Start of Data

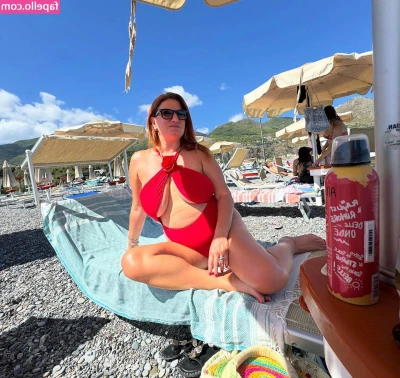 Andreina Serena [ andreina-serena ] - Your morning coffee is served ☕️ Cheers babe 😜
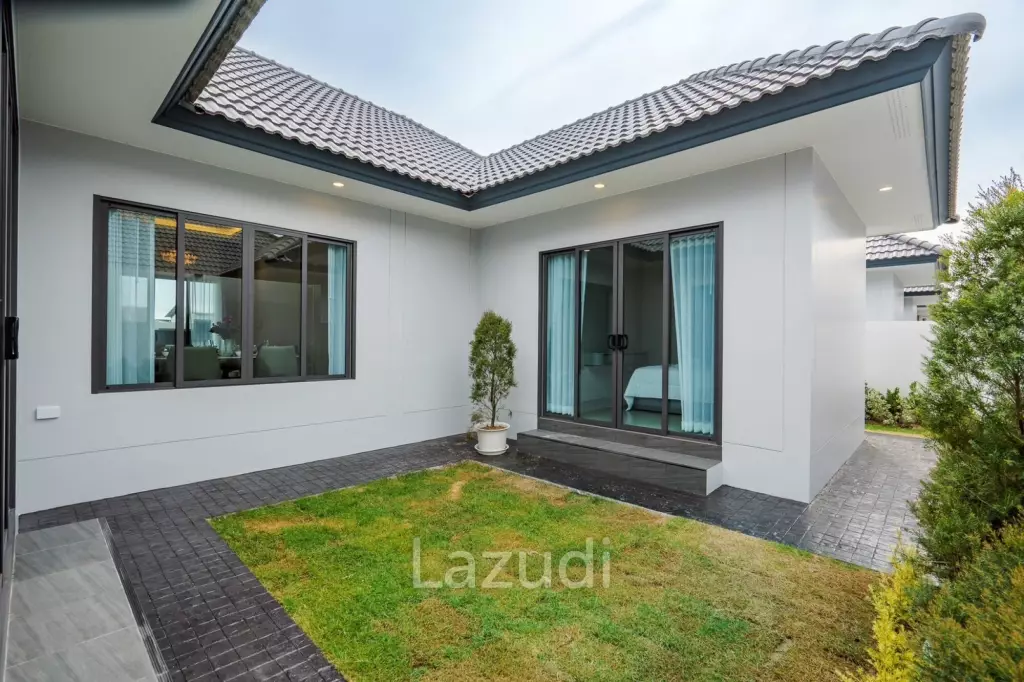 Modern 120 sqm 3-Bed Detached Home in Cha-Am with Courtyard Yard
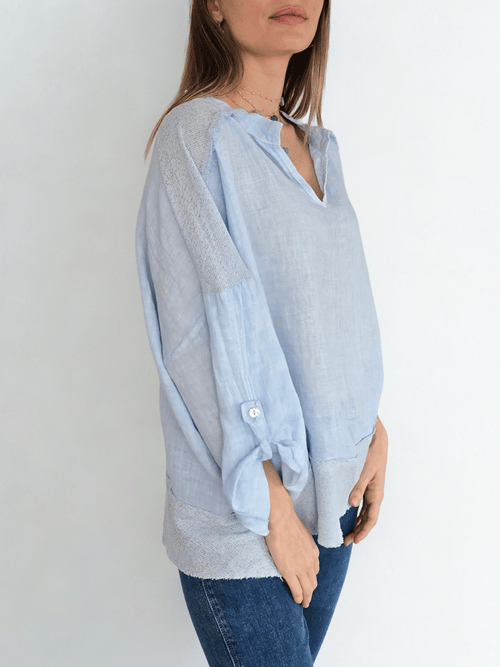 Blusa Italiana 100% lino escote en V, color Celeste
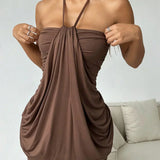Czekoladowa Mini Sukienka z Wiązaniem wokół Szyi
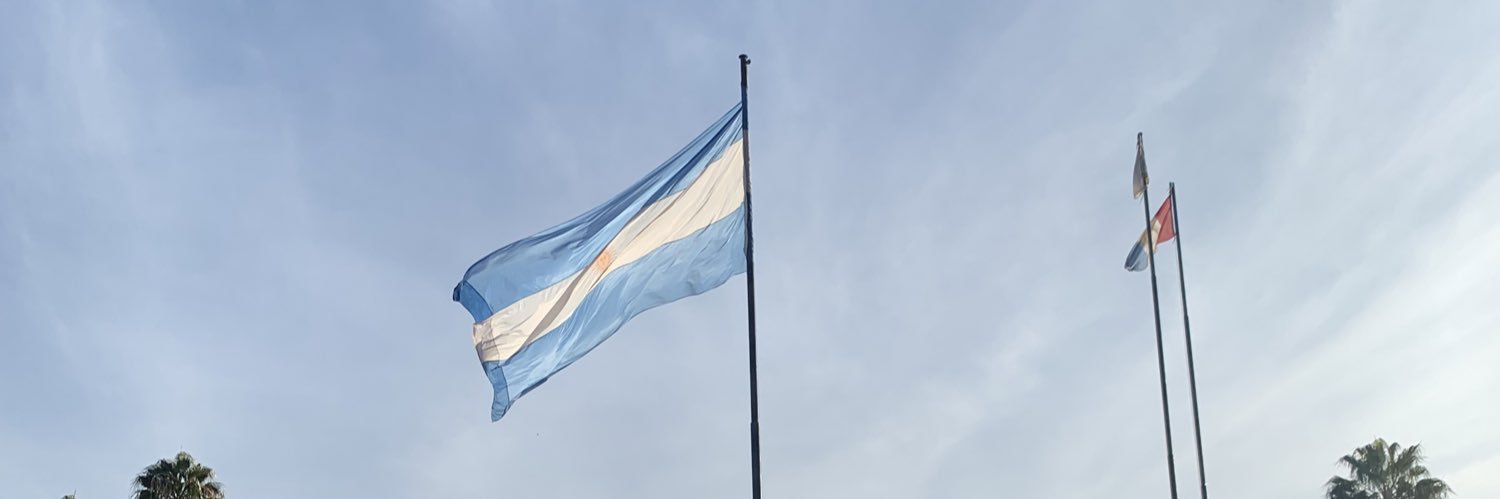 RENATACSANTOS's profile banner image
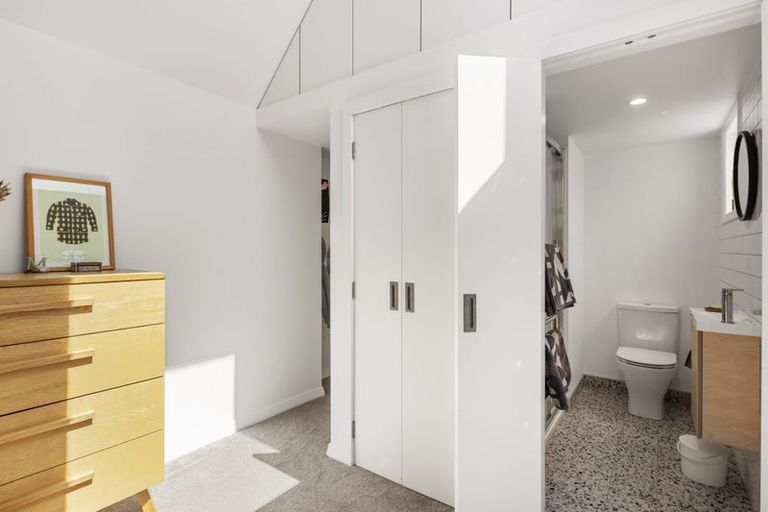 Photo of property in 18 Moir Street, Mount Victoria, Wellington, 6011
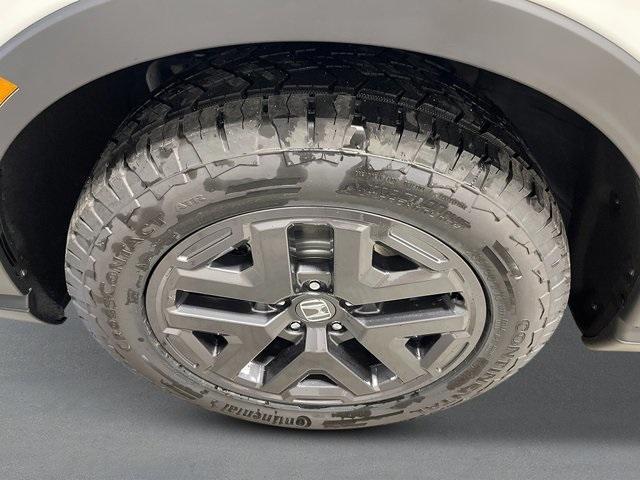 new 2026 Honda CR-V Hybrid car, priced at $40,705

End of Data
Start of Data

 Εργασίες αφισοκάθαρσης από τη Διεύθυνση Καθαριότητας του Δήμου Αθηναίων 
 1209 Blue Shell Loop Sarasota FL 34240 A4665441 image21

End of Data

**What is required:** Print everything from the line with "Andreina Serena [ andreina-serena" down to the line with "new 2026 Honda" in the entries above, both lines included and nothing more, without the pictures.

**Exercise answer:**
 Andreina Serena [ andreina-serena ] - Your morning coffee is served ☕️ Cheers babe 😜
 Modern 120 sqm 3-Bed Detached Home in Cha-Am with Courtyard Yard
 Blusa Italiana 100% lino escote en V, color Celeste
Czekoladowa Mini Sukienka z Wiązaniem wokół Szyi
 RENATACSANTOS's profile banner image
 Photo of property in 18 Moir Street, Mount Victoria, Wellington, 6011
 new 2026 Honda CR-V Hybrid car, priced at $40,705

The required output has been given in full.